Well, I did not expect that. Also, I always thought Orangina was a drink. The advert makes it look like aftershave.


----------



## Fallowfox (Mar 23, 2013)

Well that put a big grin on my face. x3


----------



## Kalmor (Mar 23, 2013)

Ah, that comments section.


----------



## Mayonnaise (Mar 23, 2013)

Why would the cougar need to shave? ._.


----------



## Fallowfox (Mar 23, 2013)

Raptros said:


> Ah, that comments section.



Yes, I just scrolled down to read it. 

I am beginning to appreciate the mantra 'never read the bottom half of the internet'. Though I must admit I'm yet to see a racism war between americans and europeans, which is rare not to come across.

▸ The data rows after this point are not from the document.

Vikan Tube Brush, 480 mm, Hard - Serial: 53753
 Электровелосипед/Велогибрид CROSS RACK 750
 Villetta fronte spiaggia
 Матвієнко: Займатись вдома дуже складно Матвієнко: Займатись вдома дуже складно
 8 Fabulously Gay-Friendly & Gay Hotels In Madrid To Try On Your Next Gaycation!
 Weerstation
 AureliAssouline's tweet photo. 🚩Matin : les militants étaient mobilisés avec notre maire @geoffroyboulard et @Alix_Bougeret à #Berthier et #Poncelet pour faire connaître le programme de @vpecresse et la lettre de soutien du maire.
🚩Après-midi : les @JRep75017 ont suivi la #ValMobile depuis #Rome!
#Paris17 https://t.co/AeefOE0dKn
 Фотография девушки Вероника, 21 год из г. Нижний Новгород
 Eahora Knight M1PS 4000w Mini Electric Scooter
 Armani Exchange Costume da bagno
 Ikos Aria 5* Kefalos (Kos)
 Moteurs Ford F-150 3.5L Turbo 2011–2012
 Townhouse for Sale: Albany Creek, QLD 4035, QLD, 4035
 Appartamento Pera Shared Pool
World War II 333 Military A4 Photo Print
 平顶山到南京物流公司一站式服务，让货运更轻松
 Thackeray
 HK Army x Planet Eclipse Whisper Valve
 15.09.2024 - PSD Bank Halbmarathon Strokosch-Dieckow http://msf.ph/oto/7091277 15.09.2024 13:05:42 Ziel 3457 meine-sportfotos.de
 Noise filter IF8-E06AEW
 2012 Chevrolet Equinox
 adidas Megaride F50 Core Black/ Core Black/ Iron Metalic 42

edit: my mistake! Just found french, british and american users threatening to nuke one another.


----------



## Akro (Mar 23, 2013)

Damn this video is old as hell haha.
Remember watching this in like 9th grade.


----------



## Hewge (Mar 23, 2013)

Yeah this is a pretty old video. ._.


----------



## Ranguvar (Mar 23, 2013)

"The moral ofï»¿ this story: Bestiality is A-OK, especially if you're gay"-some tard
Maybe I should install this add on:
http://www.tannr.com/herp-derp-youtube-comments/


----------



## Hewge (Mar 23, 2013)

Green_Knight said:


> "The moral ofï»¿ this story: Bestiality is A-OK, especially if you're gay"-some tard
> Maybe I should install this add on:
> http://www.tannr.com/herp-derp-youtube-comments/



._. That add on must be a fake! It's too amazing to actually be real...


----------



## Aetius (Mar 24, 2013)

I for one would run in complete fear to a mental institution if I ever saw such a thing


----------



## LemonJayde (Mar 24, 2013)

You're a tad bit late, honey.


----------



## Kitsune Cross (Jul 24, 2013)

I have mixed feelings about this, a bit of: oh cool and a lot of: OMFGWTF


----------



## Faustus (Jul 25, 2013)

Can't help chuckling at some of these responses. So, what, Furryism is only OK if it's not in the mainstream?
I thought the advert was kinda cute, to be honest. (Though I do agree that a shaving cougar is pretty weird. Maybe he's off to the vet's for an operation?)
I still preferred the previous Orangina furry commercial though. Really good rendering on those models.


----------



## Gumshoe (Jul 26, 2013)

DrDingo said:


> Well, I did not expect that. Also, I always thought Orangina was a drink. The advert makes it look like aftershave.


They also have adverts that make it look like an alternative for milk in cereal, and as a breath freshener, and as a household cleanser, and as acne solution, and as laundry detergent, and as deodorant ,and as a hair conditioner, and as car polish (I am not sure if this list keeps going).


----------



## TransformerRobot (Aug 6, 2013)

Not the commercial I was thinking of.


----------



## Fallowfox (Aug 6, 2013)

TransformerRobot said:


> Not the commercial I was thinking of.



Which one were you?


----------



## DerekFoxtail (Aug 10, 2013)

Green_Knight said:


> Maybe I should install this add on:
> http://www.tannr.com/herp-derp-youtube-comments/



The fact that I just laughed so hard at this means that A, I need to get off the internet for the night, and B, I need to download it.


----------